When my child goes to college and meets lots of beautiful woman from other cultures and religions how does he know he is Jewish? Does it matter? If my son marries a Christian girl and they practice both, is he Jewish? If my son has a baby girl and they raise her a 2 day a year Christian and Jew – Christmas, Hannukah, Passover and Easter, is she Jewish? What if my son really identifies with his Jewish heritage does that keep his daughter Jewish?

How do you create identity? What makes you Jewish? Should others be able to tell that you are Jewish? What in your behavior, beliefs, attire or practice makes it so others no you are Jewish? Does that matter? Can you be a private Jew?

Being Jewish requires community. Being Jewish requires practice and doing. Being Jewish requires religion. If you do not do these things then it is hard to build identity. It will be hard to pass on your heritage. It will be hard to be Jewish. It will be hard to have Jewish grandchildren.

Do you do Jewish, for you, for your children, for your grandchildren?

Community and Identity

I went to Dallas. This was my first visit to Dallas. I was struck by something interesting. Dallas is almost 70 miles across. There is no “place” there. Well I am aware of one place, Greenville Ave. It is a road filled with bars and restaurants. This is a road that is several miles long. However, the rest of Dallas appears to be a series of roads with business and housing blended in over an over. There does not seem to be any centers, no places. Even when you do a search of where to go in Dallas the only places that show up are buildings and Greenville Ave. Dallas is continuous sprawl.

Many people pine for the days before the internet when there was community. Not virtual communities but neighbors with a sense of place. When did that last exist in Dallas, Los Angeles, Denver, Atlanta or any other sprawling American metropolis? The goals in these cities seems to be to create residential and business replicas over and over.

So what? What does this have to do with anything else I have written here.

Driving around Dallas made me ponder the European Jewish experience during the French enlightenment period. After a thousand years of what the enlightenment intellectuals called the “dark ages,” the French led the way to a new enlightened Europe. Then enlightenment encouraged men to be individuals and to think for themselves. They wanted to explore and move beyond the restriction that society up to that point placed on them. In the years before the enlightenment period, Jewish people lived in their own communities. These communities were autonomous and self-sustaining. There were 2 communities that you could belong to in a country: the Christian or the Jewish. There was no secular ground. People lived in their communities and created very particular identities. These identities were rich with the influences of the local land, country and lordships.

The enlightenment period through all of this out the door. Everyone was expected to be Christian, individuals and free thinkers. Except of course the Jews. They were a problem. What were these enlightened men to do about the Jewish question? Were they men? If they were did they deserve the same rights? Could they act like Jews anymore?

This ripped through the Jewish community.
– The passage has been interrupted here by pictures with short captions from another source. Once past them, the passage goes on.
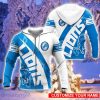 Detroit Lions 3D Hoodie All Over Printed Personalized Name Casual Hoodie Sport Fans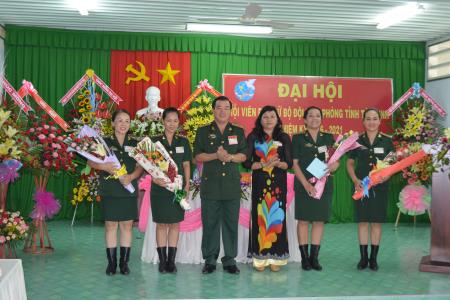 Đại hội phụ nữ BĐBP tỉnh Tây Ninh lần thứ V, nhiệm kỳ 2016 - 2021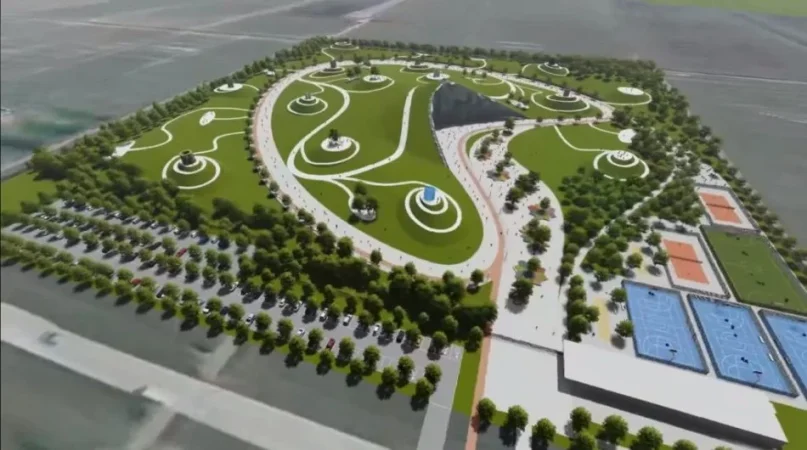 Durres, shitet toke , 11.385 m²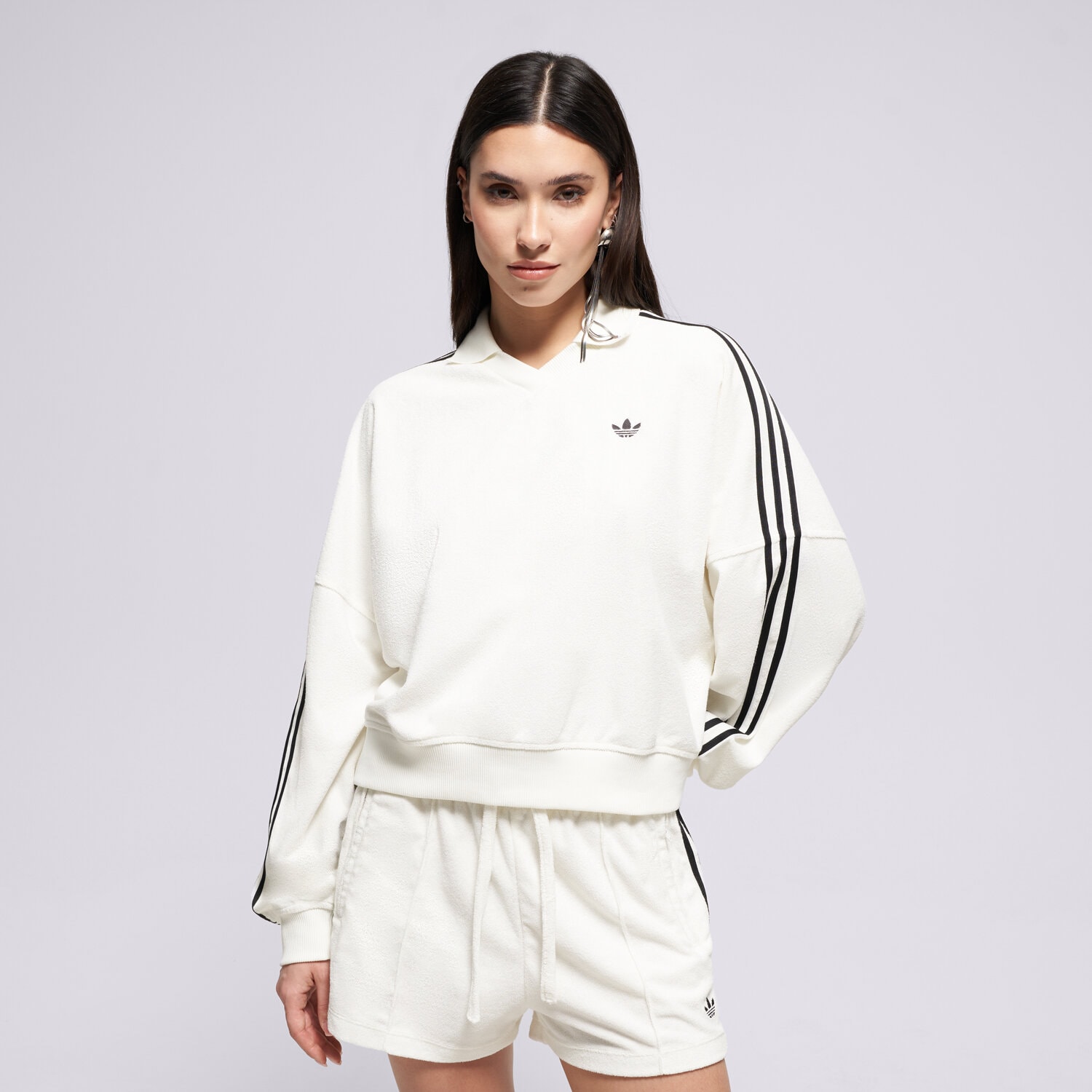Adidas Bluza V-Neck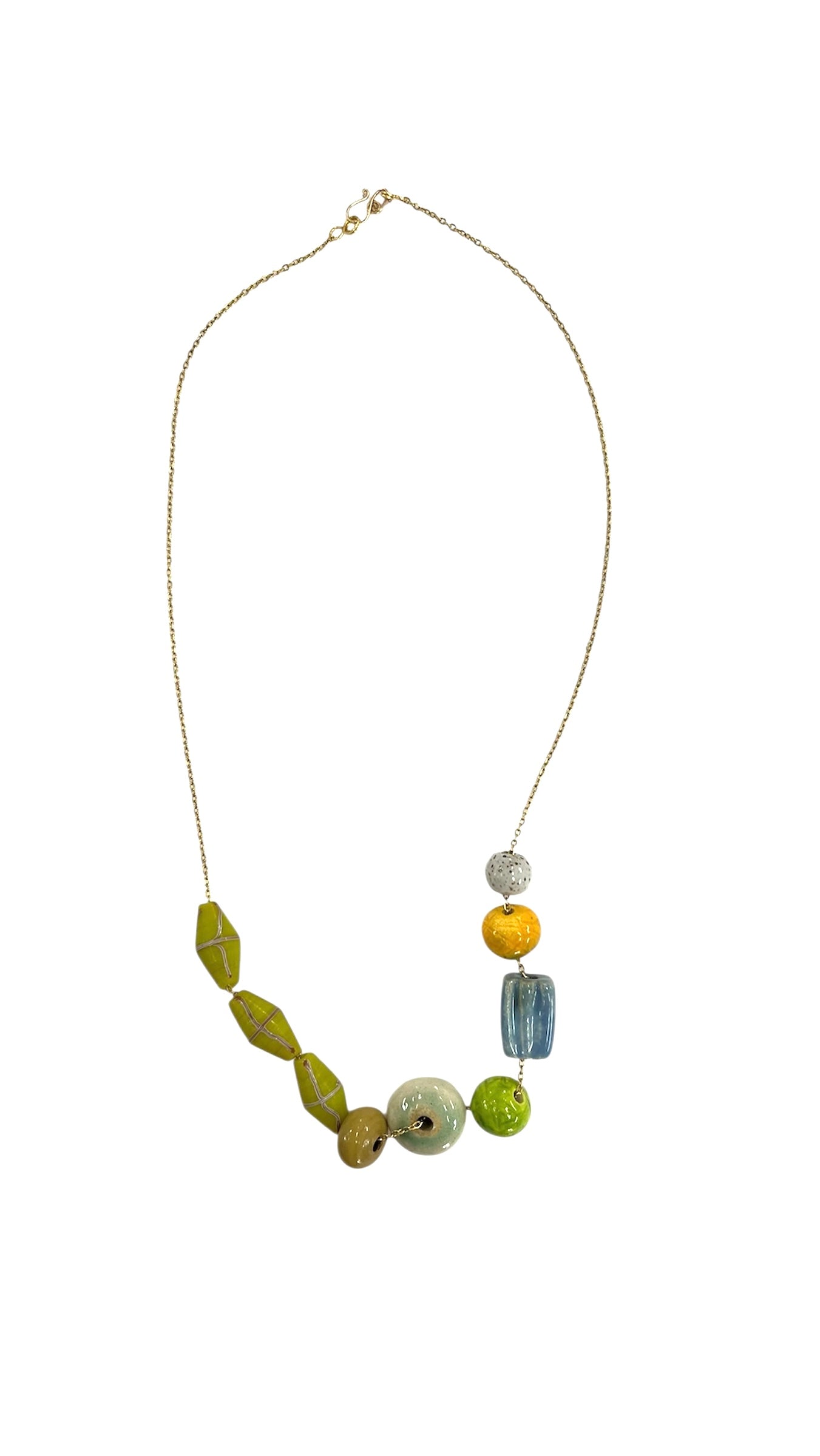 Gizelle Castro - COLLAR CUENCAS / VERDE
Some attempted to keep as much tradition as possible, others tried to assimilate as much as possible and yet others tried to strike a balance. What this timeperiod did though was give Jews an option to be something that was not Christian nor Jewish. Just a man. It was liberating for many Jews.

Then comes WWII, whether you look Jewish or participate in Jewish activities you were a Jew. Surviving Jews went many places. The American experience seemed to move in the direction of assimilation. Or as I was thinking today, mirroring the American society as a whole – indistinguishable.

What a beautiful culture, what a beautiful heritage, what beautiful languages, traditions that Jewish people have. Stop being indistinguishable. We are living in a period that is more open than in many generations. Express your Judaism. Be proud of what you have. Do something about it.

I would like the community to display its identity. I wish more Jewish people would stand up and be proud of being Jewish. Jewish people should try their traditions and their cultural ways. Incorporate these and be unique. Be Jewish.